Le management désincarné. Enquête sur les nouveaux cadres du travail

Couverture ouvrage

Marie-Anne Dujarier
La Découverte , 250 pages

Le capitalisme ludique ou l’éviction du « réel »
[jeudi 15 octobre 2015]


Cet ouvrage décortique le quiproquo entre « réel » et « réalisme » qui consolide la présence des dispositifs de gestion dans notre société.

L’ouvrage de Marie-Anne Dujarier est le résultat d’un travail de terrain de plus de dix années, nous offrant la possibilité d’aller plus loin dans la compréhension de l’usage des dispositifs managériaux. Maîtresse de conférence à l'université Sorbonne Nouvelle et chercheure au Laboratoire interdisciplinaire pour la sociologique économique (CNAM-CNRS), l’auteure avait déjà fortement contribué à une sociologie de l’encadrement de l’activité dans le capitalisme contemporain – publiant notamment L’idéal au travail (2006) et Le travail consommateur (2008). Dans son dernier ouvrage, Le management désincarné, Marie-Anne Dujarier poursuit, au même titre que des chercheures comme Valérie Boussard   ou Eve Chiapello  , le travail primordial qui doit être mené au sujet des dispositifs de gestion.

La sociologue désigne sous le nom de dispositif l’ensemble « des ‘outils’, ‘techniques’ et autres ‘démarches’ managériales »  qui, quel que soit le domaine, dénote d’une conception planificatrice de l’encadrement des activités. Avec une démarche qu’elle nomme « clinique », l’auteure nous propose ainsi une description des résultats concrets de l’implémentation de ces modes d’encadrement au sein de structures publiques et privées.

Dans cette analyse, ce ne sont ni les dispositifs désincarnés qui ont pris le contrôle du travailleur, ni les cadres d’entreprise empreints d’idéologie qui profitent d’une position « dominante » à distance. En déplaçant la question du management contemporain vers la compréhension de ceux qui produisent ces dispositifs – les « planneurs » –, l’auteure donne à voir une situation plus complexe où les dominants sont davantage des dominants-dominés, et où leur contribution à la détérioration du travail des salariés est la conséquence de l’abstraction nécessaire pour parvenir à réaliser le « sale boulot » du planneur. En effet, dirigeants comme employés se révèlent très critiques vis-à-vis des dispositifs mis en place. Quel que soit leur rang, les individus interrogés affirment que le management par dispositif a pour effet de « joindre l’inutile au désagréable ». Ainsi tout au long de l’ouvrage, l’auteure nous tient en haleine en promettant de répondre à une question : si les outils sont critiqués et inefficaces, pourquoi leur propagation se maintient-elle ? Autrement dit, comment tout cela se tient-il ?

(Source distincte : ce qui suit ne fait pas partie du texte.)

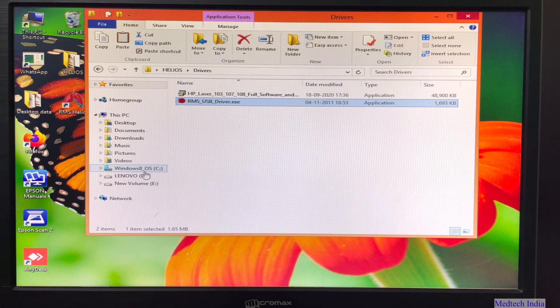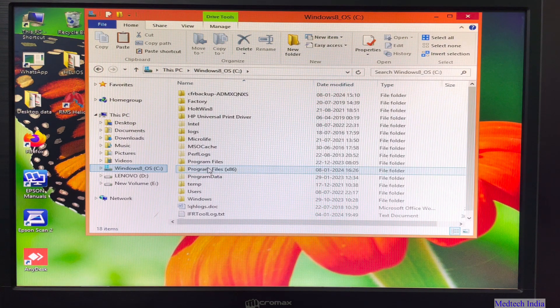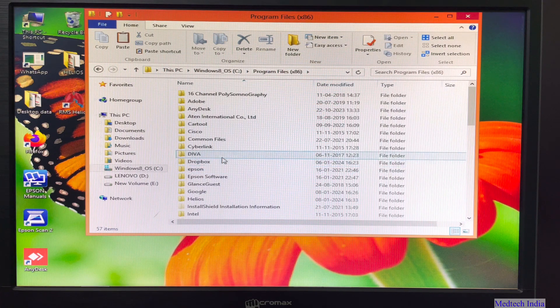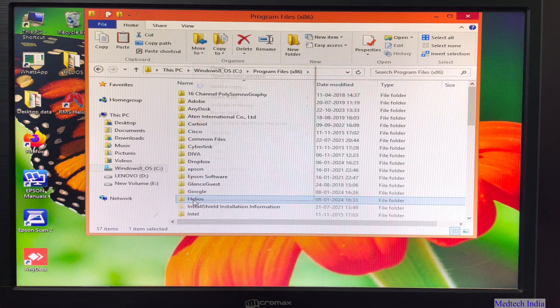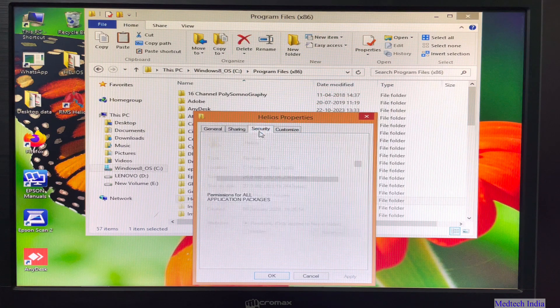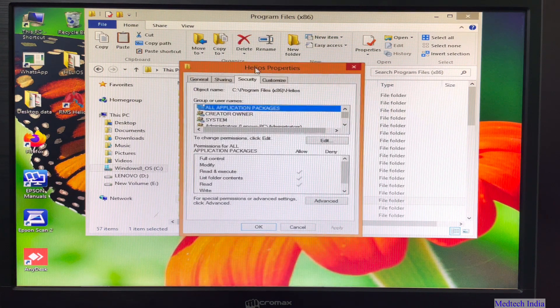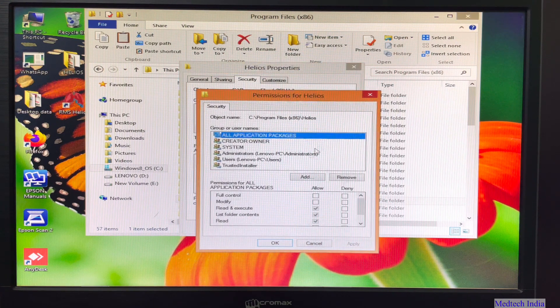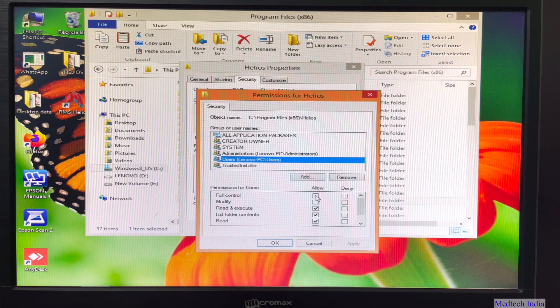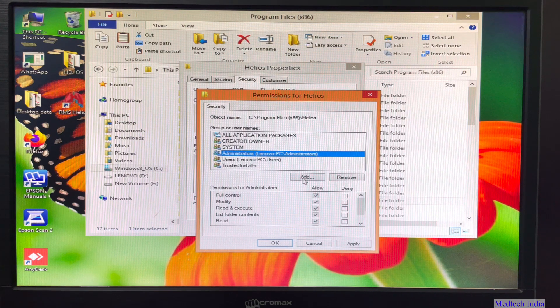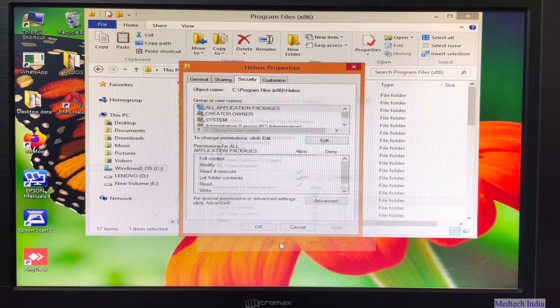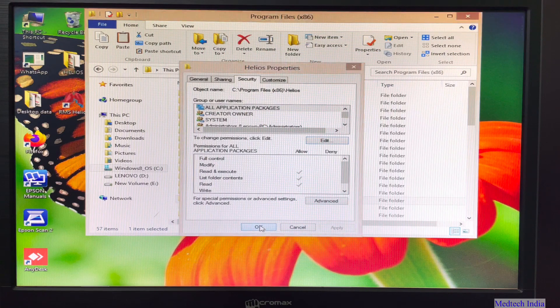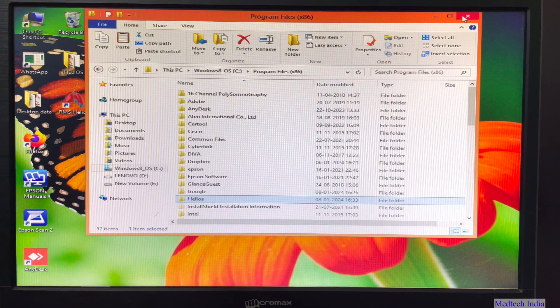Now our next step is to click on C drive. So here we will get program files 86. So double click on that. Here we will get Helios folder. So right click on that folder. Just go to properties. Then click on security. So now we will click on edit. Then just go to users. Then we need to tick on full control and modify both for users and administrators. Then apply and OK. OK. So after that close this window.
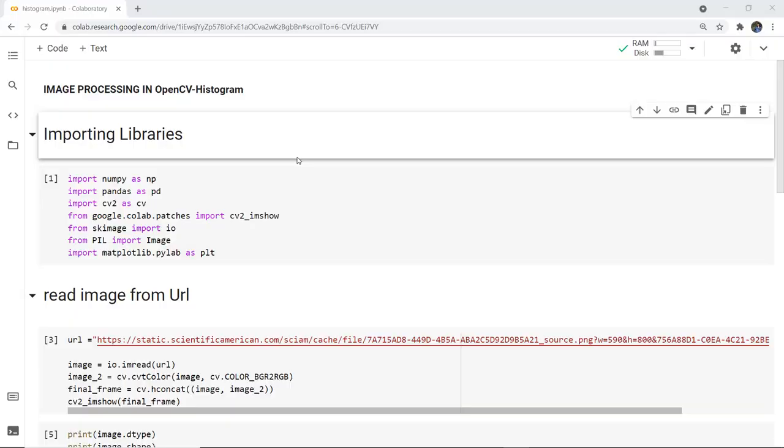In this video we are going to discuss image processing in OpenCV and then we are going to plot a histogram of an image.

Joindre l’inutile au désagréable

Le « sale boulot » opéré par les planneurs consiste généralement à transformer le travail concret – parfois leur propre travail – dans un sens qui satisfasse les critères managériaux. Cette transformation se fait selon l’auteure via trois types de dispositifs  : des dispositifs dits de finalité (c’est-à-dire l’ensemble des objectifs quantifiés et mesurés qui sont imposés aux travailleurs), de procédés (les méthodes et protocoles qui suggères aux employés la marche à suivre) et des dispositifs d’enrôlement (des plans d’accompagnement au changement dont le but est le déploiement le plus vaste et le plus prompt des deux premières catégories de dispositifs).

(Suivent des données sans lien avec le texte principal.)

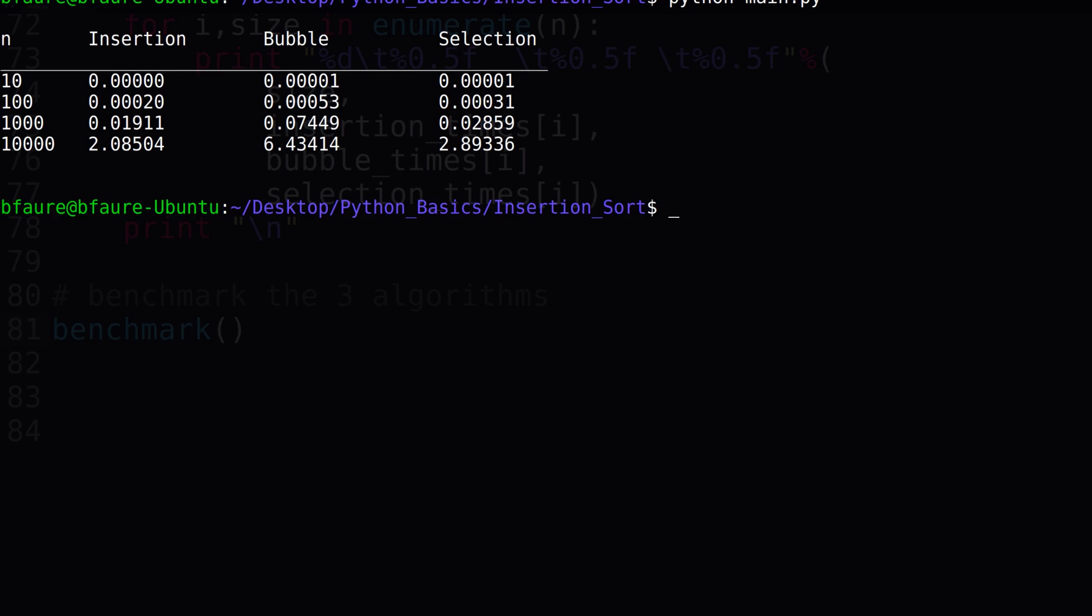After switching to terminal and running the benchmark, we can see we definitely have some interesting results. Compared to bubble and selection sort, our insertion sort method is more efficient for all tested input sizes. Though, selection sort does come in at a close second.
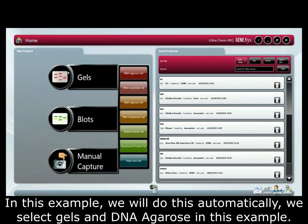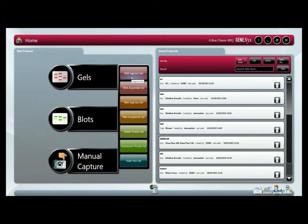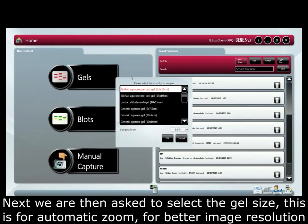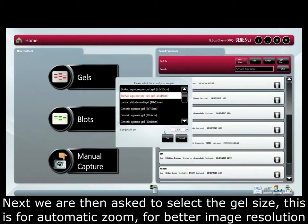We select gel and DNA agarose in this example. Next we are then asked to select the gel size. This is for automatic zoom for better image resolution.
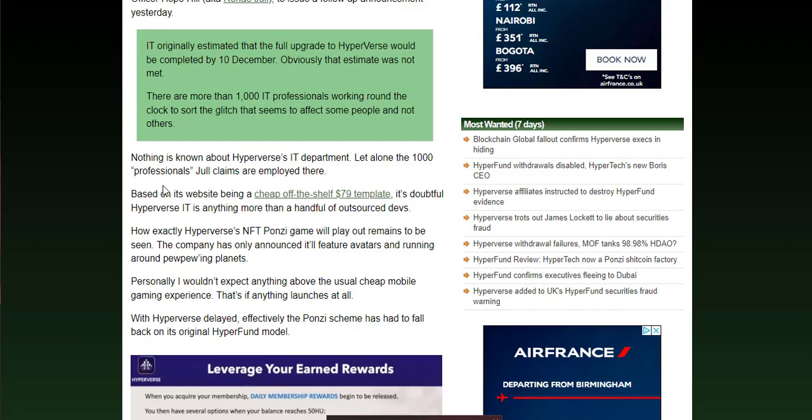A little bit of snippet here: let alone the thousand professionals claims are employed here, based on the website being a cheap off-the-shelf $79 template. These websites that you see like Hyperverse, you can buy these Ponzi sites off the shelf for around $79, and then you'll either get them to bolt on other stuff which will take it up to a few thousand dollars, or you get your own programmers to program that software for what you want it to do.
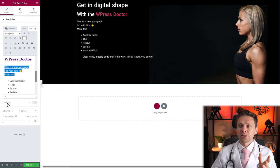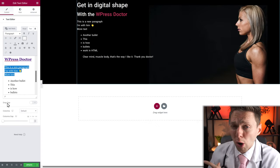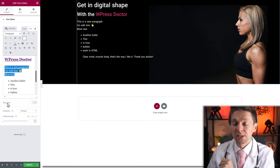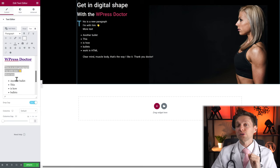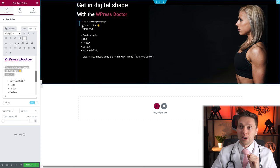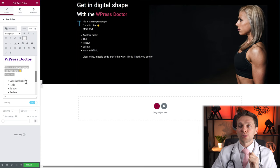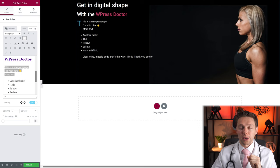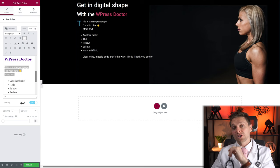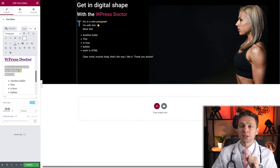Then we have something that sounds like an action movie — the Drop Cap. When you press it, the first letter becomes a big one. You can create really creative stuff using the Drop Cap. Let's leave it on because we'll style it in a few minutes.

Ce qui rend la situation désagréable d’une part, c’est l’abrogation dans les dispositifs de la densité politique de l’activité des travailleurs  . Rapidement, la production de données quantitatives nécessitée par les dispositifs devient un « but en soi ». Un but exclusif qui, tout en simplifiant les processus décisionnels, écrase la pluralité pratique intrinsèque au travail . De la même façon qu’ils contiennent des objectifs fixés en amont, les dispositifs comportent généralement aussi des consignes sur les moyens à mettre en place pour les atteindre. Une dichotomie fins-moyens qui contredit la logique davantage dialectique – c’est-à-dire « la transformation des buts du fait de l’évolution des moyens »  – supposément consubstantielle au travail. Les dispositifs forcent donc une approche standardisée qui exige l’adaptation du salarié au rythme et à la temporalité du chiffre. Une adaptation qui bien souvent étend à la gestion des salariés les méthodes de benchmarking, de sélection et de tri.

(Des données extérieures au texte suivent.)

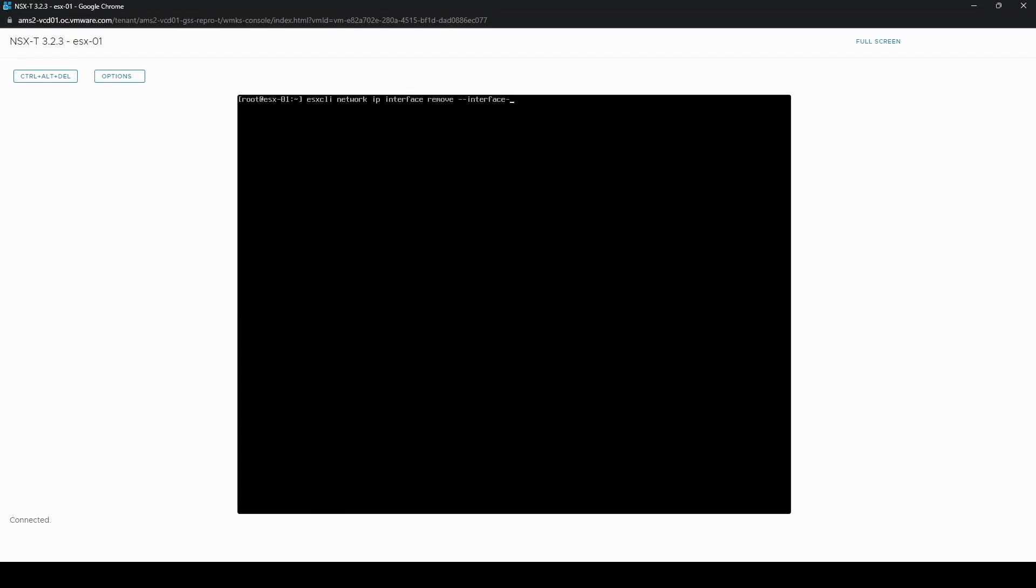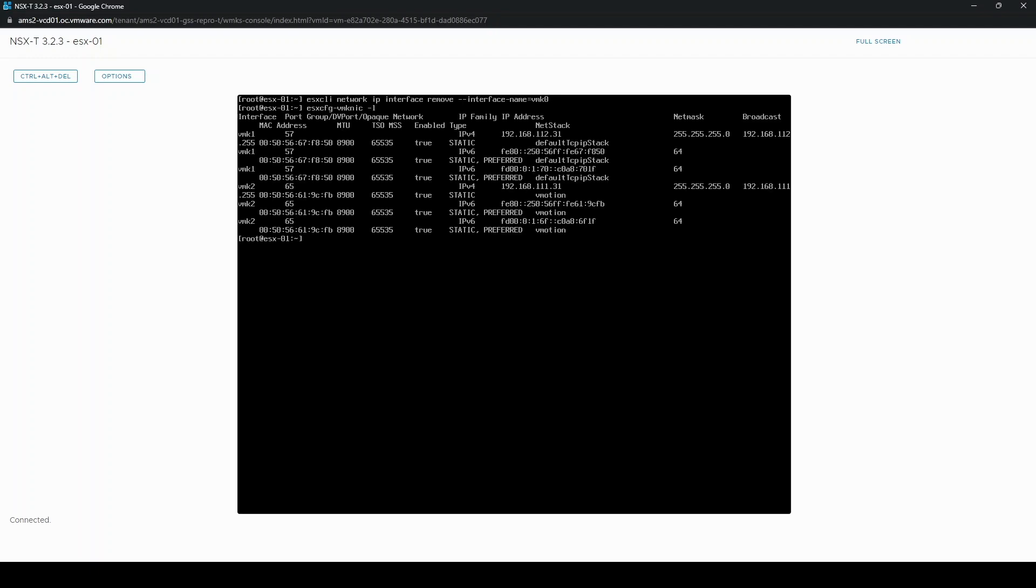So the next step is to remove the existing vmk0. And you can now see vmk0 is gone from this list.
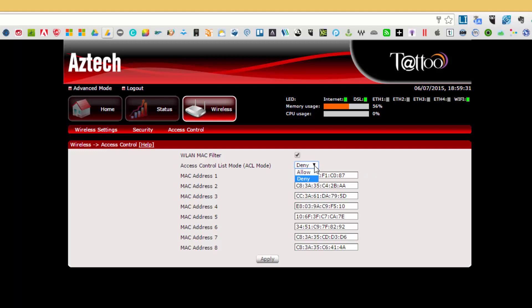Once you have set up the different MAC addresses that you would like to allow, all you need to do is to click on apply. And if you want to remove the restriction once again, all you need to do is just log back in to your wireless router's dashboard and you just have to untick the wireless LAN MAC filter option.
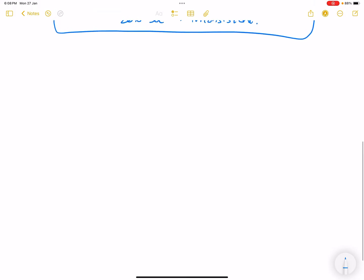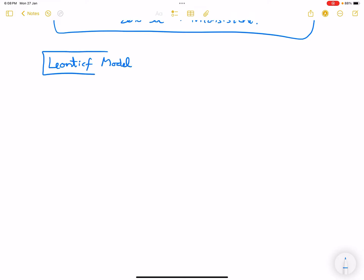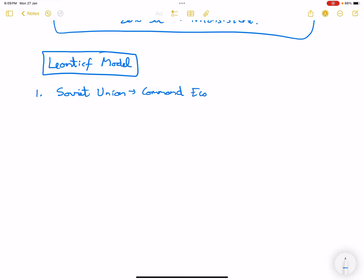Now coming to the important model — the Leontief model. These types of models were operated in the Soviet economy, the Soviet Union, which was a command economy. The most important feature is that resources are owned by the state, so they can decide how much to produce. Also, the different industries are interdependent.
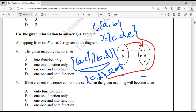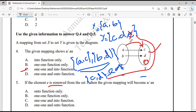Question number 5: If the element E is removed from set Y, then the given mapping will become which type of function. If we remove E, then the range of this function will be only {C, D}. When the range of the function equals the set Y, it is known as an onto function. It is already one-one, so it will become a one-one and onto function.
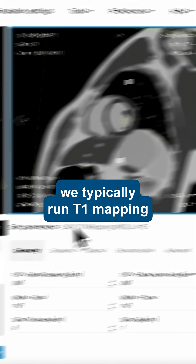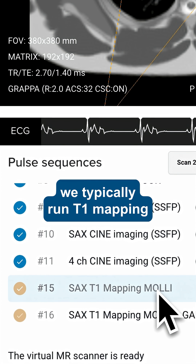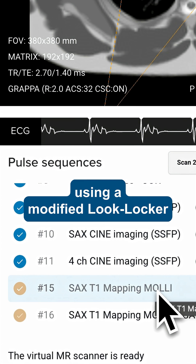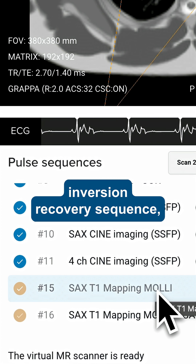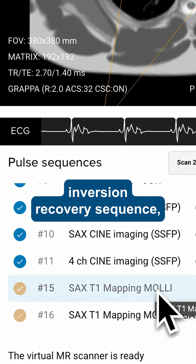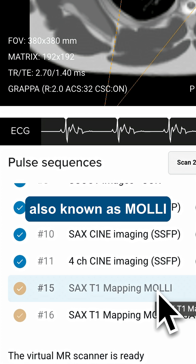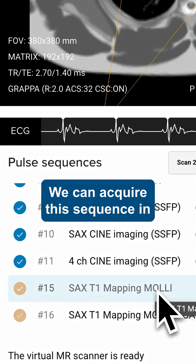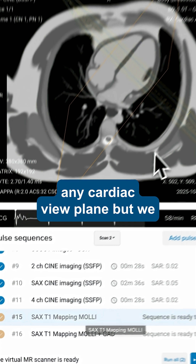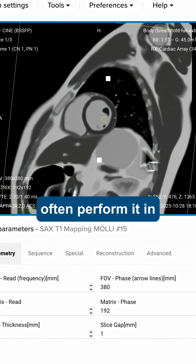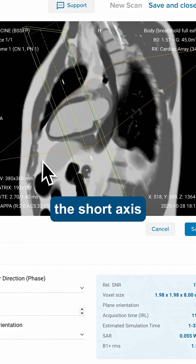In cardiac imaging, we typically run T1 mapping using a modified look-locker inversion recovery sequence, also known as MOLLI. We can acquire this sequence in any cardiac viewplane, but we often perform it in the short axis.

D’autre part, les dispositifs amenés par les planneurs produisent des dommages collatéraux qui annihilent voire inversent leur utilité. En principe, l’objectif des indicateurs quantitatifs déployés par les planneurs est de mesurer et d’orienter l’activité de l’entreprise. Or, la production de ces chiffres a pour elle-même un coût : direct, puisqu’il faut entretenir les dispositifs et remplir régulièrement les tableaux, rapports et fiches d’activité ; mais également indirect, puisqu’à la production du chiffre s’agrège un travail de mise en conformité du chiffre. Une « pratique de simulation et de dissimulation du réel »  chronophage mais inévitable dans une compétition organisée selon le chiffre. Il n’est alors, d’après les employés, pas rare d’observer des situations où ceux-ci acceptent de voir leur performance réelle dégradée afin d’atteindre les objectifs de performance formels .

De fait, si les dispositifs de gestion ne sont pas exactement des outils, ni des techniques – en ce qu’ils ne sont pas à la disposition du salarié mais s’effectuent à travers lui – ils ne sont pas tout à fait non plus la machine taylorienne exigeant de l’employé qu’il cesse toute activité intellectuelle afin de se concentrer sur la production . Le dispositif, tel qu’il est observé dans Le management désincarné, est une machine qui mobilise fortement la créativité et l’autonomie du travailleur. D’ailleurs, le développement du management par les dispositifs suscite une activité de la part des employés qui porte moins attention à la production proprement dite qu’au maintien et à l’entretien stratégique du dispositif lui-même .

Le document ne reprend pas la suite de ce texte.